■ Exercise instructions: Look below for the line that contains "男士長袖連雙口袋長袍,沙特阿拉伯風格長袍 - 白色 - 查看 1", then quote it and all the lines after it, exactly, with the pictures left out.

■ Available data:
──────────────────────────────
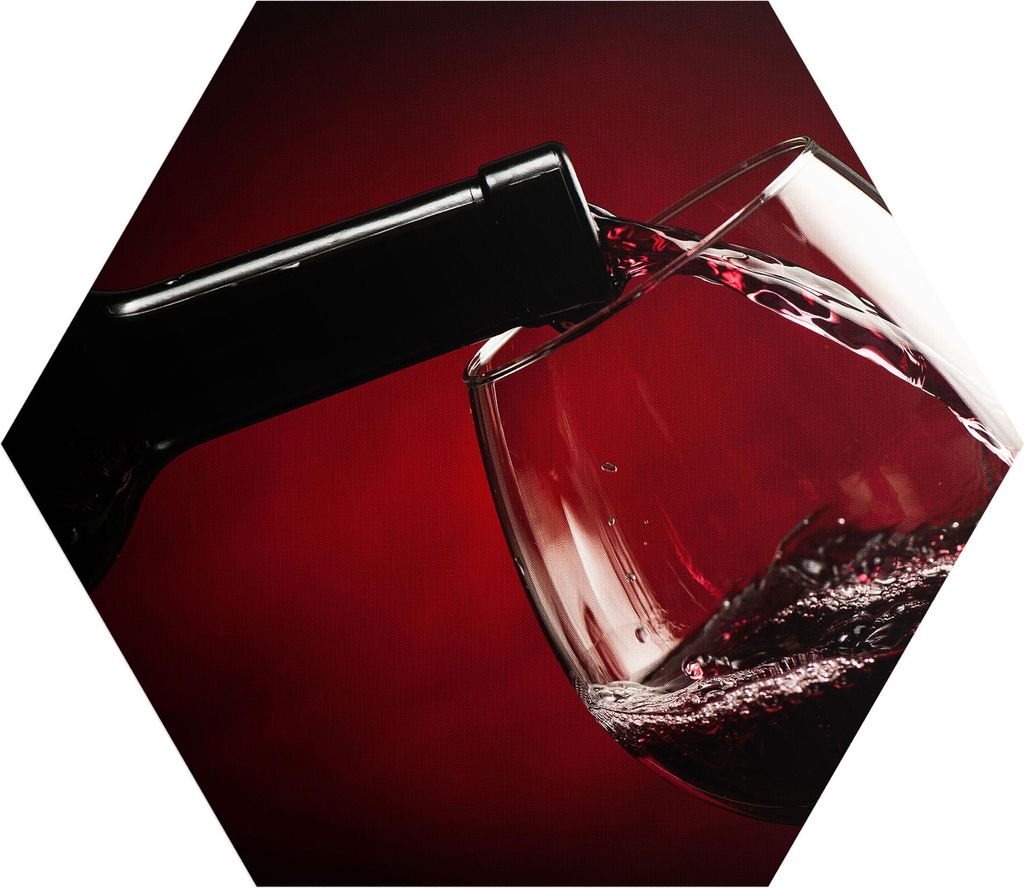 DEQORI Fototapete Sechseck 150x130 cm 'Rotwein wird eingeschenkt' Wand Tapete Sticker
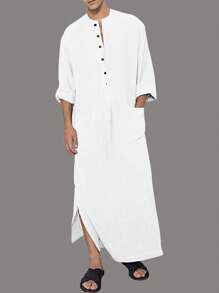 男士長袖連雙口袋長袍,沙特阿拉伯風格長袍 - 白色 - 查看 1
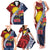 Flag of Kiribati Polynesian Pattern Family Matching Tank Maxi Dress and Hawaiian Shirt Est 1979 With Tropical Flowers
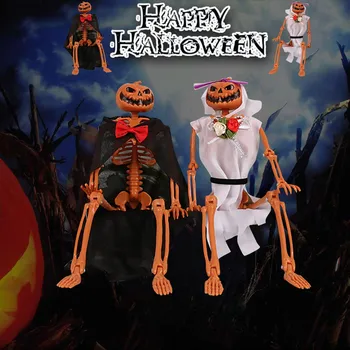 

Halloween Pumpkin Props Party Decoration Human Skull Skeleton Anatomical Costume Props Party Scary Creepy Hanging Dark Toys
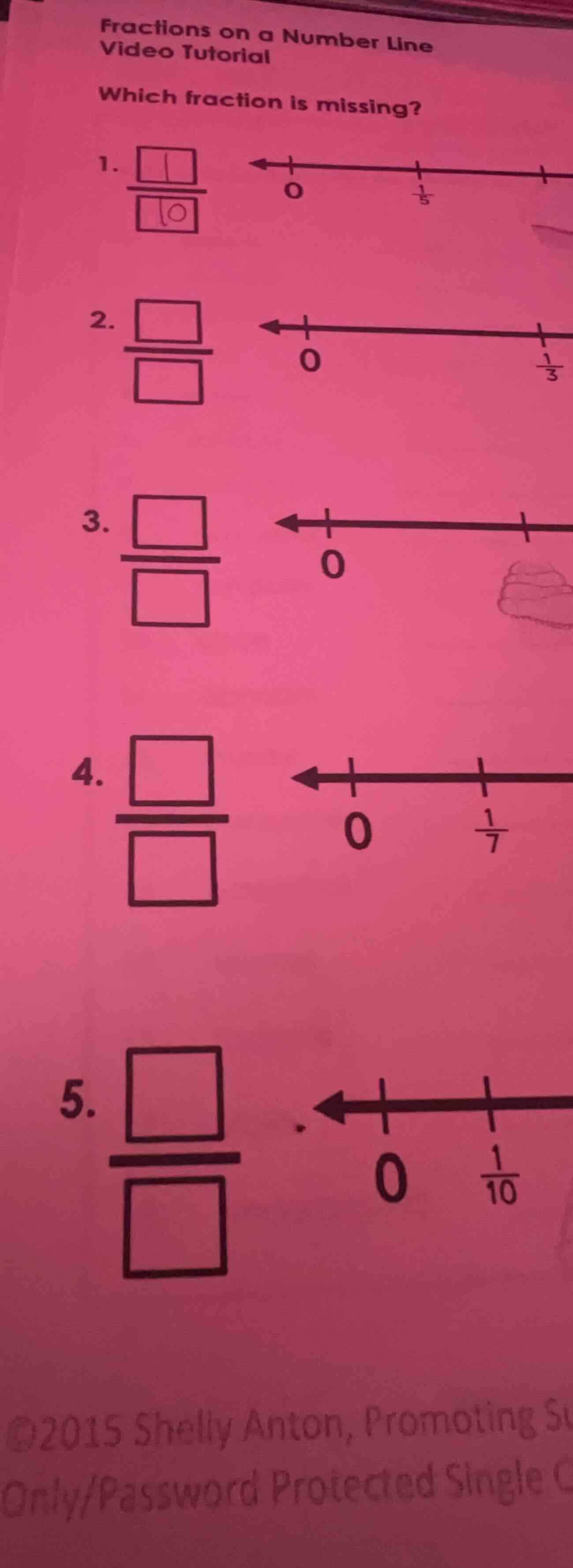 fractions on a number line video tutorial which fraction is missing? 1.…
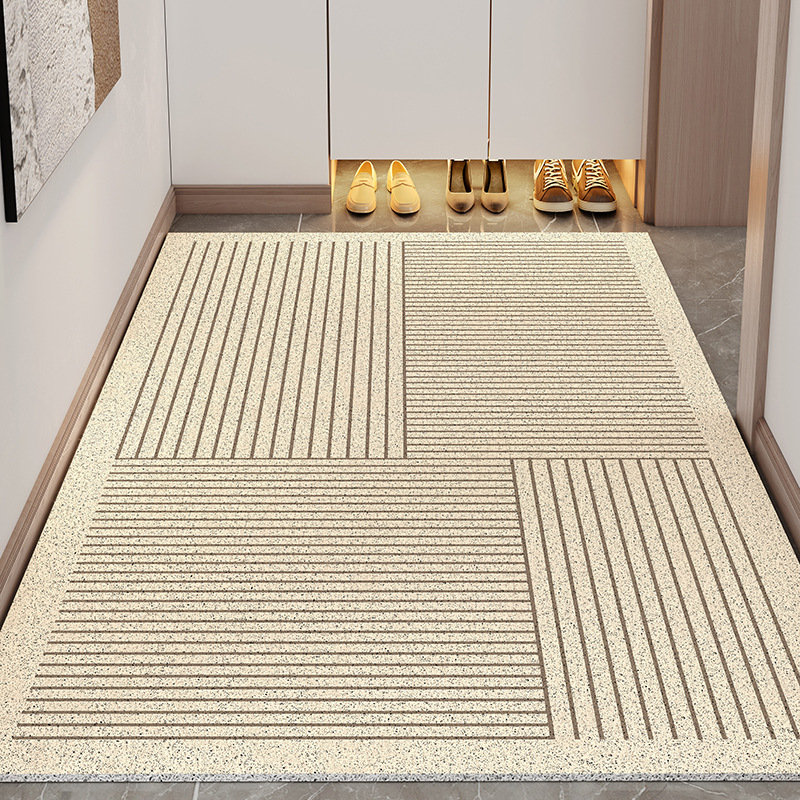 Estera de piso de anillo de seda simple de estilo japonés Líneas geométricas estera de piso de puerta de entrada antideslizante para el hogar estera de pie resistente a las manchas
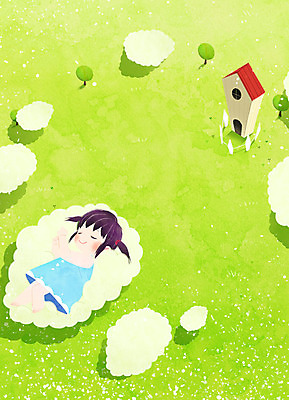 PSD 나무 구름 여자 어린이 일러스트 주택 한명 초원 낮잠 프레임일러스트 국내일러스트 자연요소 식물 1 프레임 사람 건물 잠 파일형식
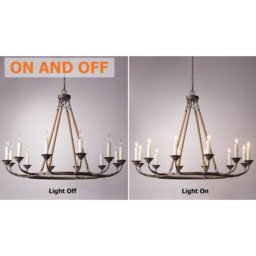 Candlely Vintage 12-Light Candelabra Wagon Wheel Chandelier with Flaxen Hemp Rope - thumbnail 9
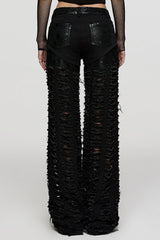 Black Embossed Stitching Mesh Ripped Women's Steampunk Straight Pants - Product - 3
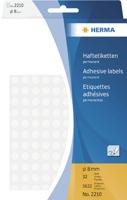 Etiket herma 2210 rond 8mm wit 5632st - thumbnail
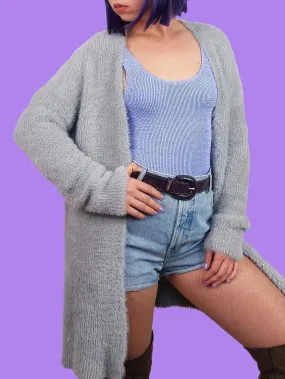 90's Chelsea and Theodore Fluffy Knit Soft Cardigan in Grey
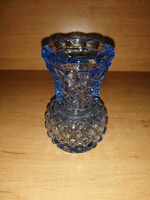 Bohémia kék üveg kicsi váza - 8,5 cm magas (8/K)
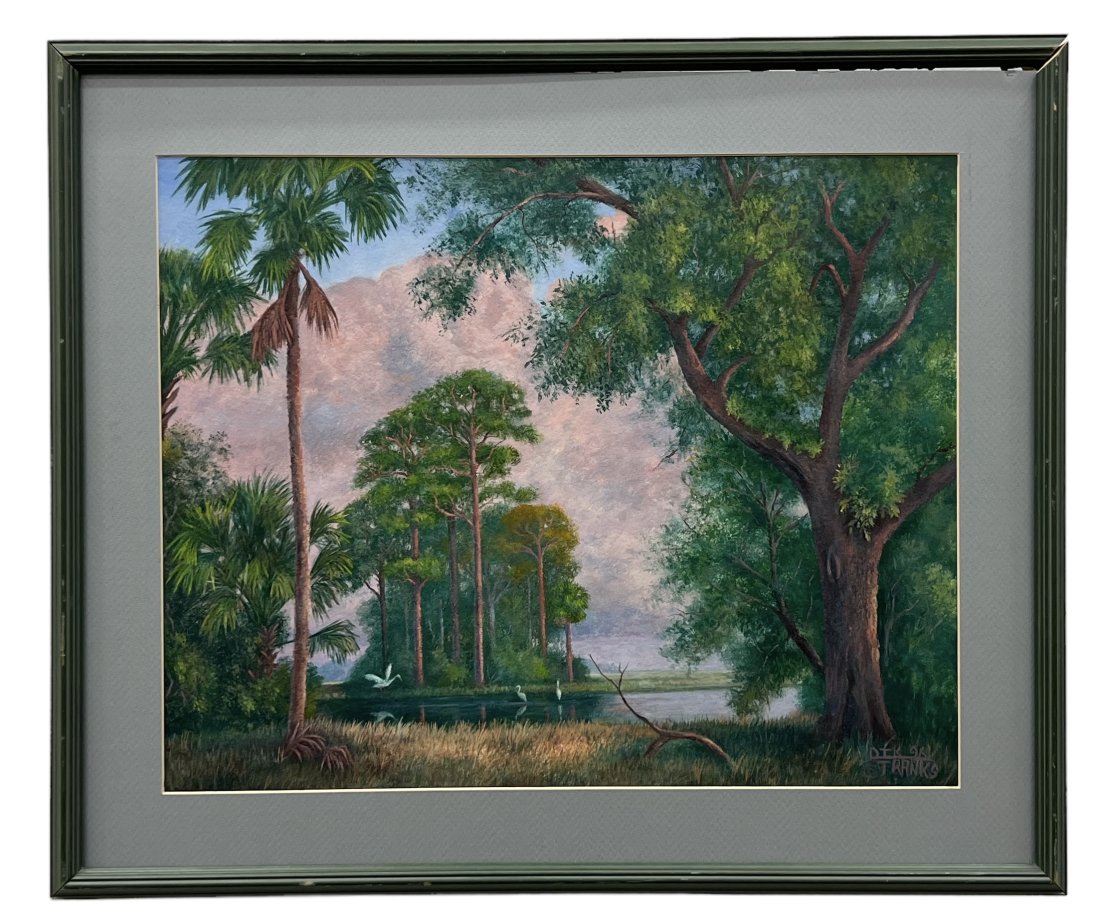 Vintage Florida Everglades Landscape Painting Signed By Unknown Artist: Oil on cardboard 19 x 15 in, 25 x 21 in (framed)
──────────────────────────────
■ Exercise solution:
 男士長袖連雙口袋長袍,沙特阿拉伯風格長袍 - 白色 - 查看 1
 Flag of Kiribati Polynesian Pattern Family Matching Tank Maxi Dress and Hawaiian Shirt Est 1979 With Tropical Flowers

Halloween Pumpkin Props Party Decoration Human Skull Skeleton Anatomical Costume Props Party Scary Creepy Hanging Dark Toys
 fractions on a number line video tutorial which fraction is missing? 1.…
 Estera de piso de anillo de seda simple de estilo japonés Líneas geométricas estera de piso de puerta de entrada antideslizante para el hogar estera de pie resistente a las manchas
 PSD 나무 구름 여자 어린이 일러스트 주택 한명 초원 낮잠 프레임일러스트 국내일러스트 자연요소 식물 1 프레임 사람 건물 잠 파일형식
 Candlely Vintage 12-Light Candelabra Wagon Wheel Chandelier with Flaxen Hemp Rope - thumbnail 9
 Black Embossed Stitching Mesh Ripped Women's Steampunk Straight Pants - Product - 3
 Etiket herma 2210 rond 8mm wit 5632st - thumbnail
 90's Chelsea and Theodore Fluffy Knit Soft Cardigan in Grey
 Bohémia kék üveg kicsi váza - 8,5 cm magas (8/K)
 Vintage Florida Everglades Landscape Painting Signed By Unknown Artist: Oil on cardboard 19 x 15 in, 25 x 21 in (framed)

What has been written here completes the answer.